With glitter on the floorboards, dry ice in the air, and trees bursting through the great arched windows, Dries Van Noten transformed the nineteenth-century study hall of the École des Beaux-Arts into a magical hothouse and filled it with an artist's vision.
First he sent out a series of angels in simple white cotton long smocks, waistcoats, and wide trousers. Then he shifted up a gear, with dresses that spilled ruffles and pleats galore. Next came the taupe, interspersed with beat-up silver jackets and trenchcoats.
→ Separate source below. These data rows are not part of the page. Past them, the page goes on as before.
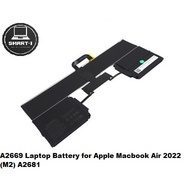 A2669 Laptop Battery for Apple Macbook Air 2022 (M2) A2681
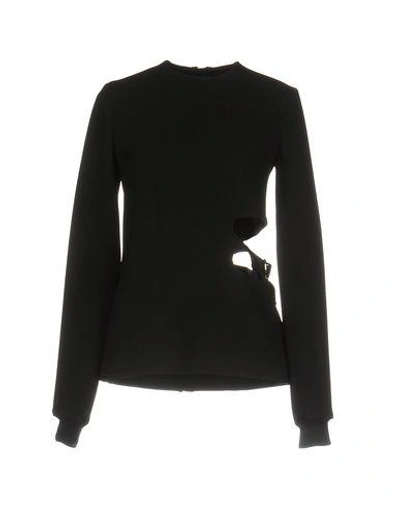 Anthony Vaccarello Blouse In Black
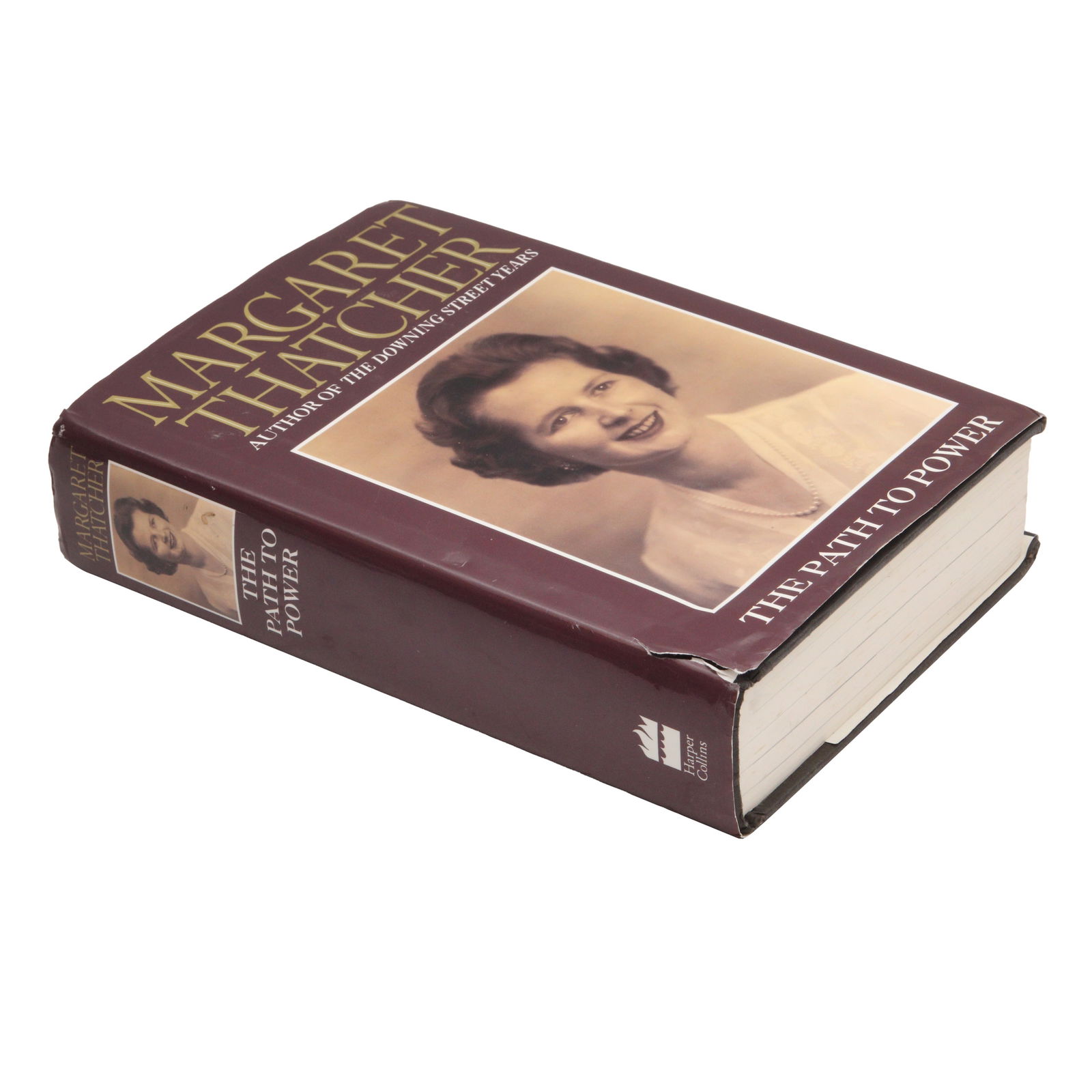 Thatcher (Margaret) Signed menu - 4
As the color seeped down the runway—from the palest lime to anthracite, putty, and every blue under the sun—so too did the fabrics. Gauzy layers, swishing silks, and sturdy linens were soon oozing decoration. Exquisite embroideries trickled down sleeves or burst over the backs of shrunken jackets. Prints became bolder, in purple, emerald, and lime, blossoming over circle skirts and fragile slipdresses. Even the accessories looked inviting: Lush silk opera capelets were slung over shoulders—the spring alternative to the fur tippet? Silver satchels curved around the hip or the derrière.
When, at the end, Van Noten's model army surged toward the cameras, all thirty-five outfits appeared to have been dipped in ink: a complete spectrum of blue-blacks. It has become the designer's trademark to use his genius sense of color in this way, much to the delight of his faithful clientele.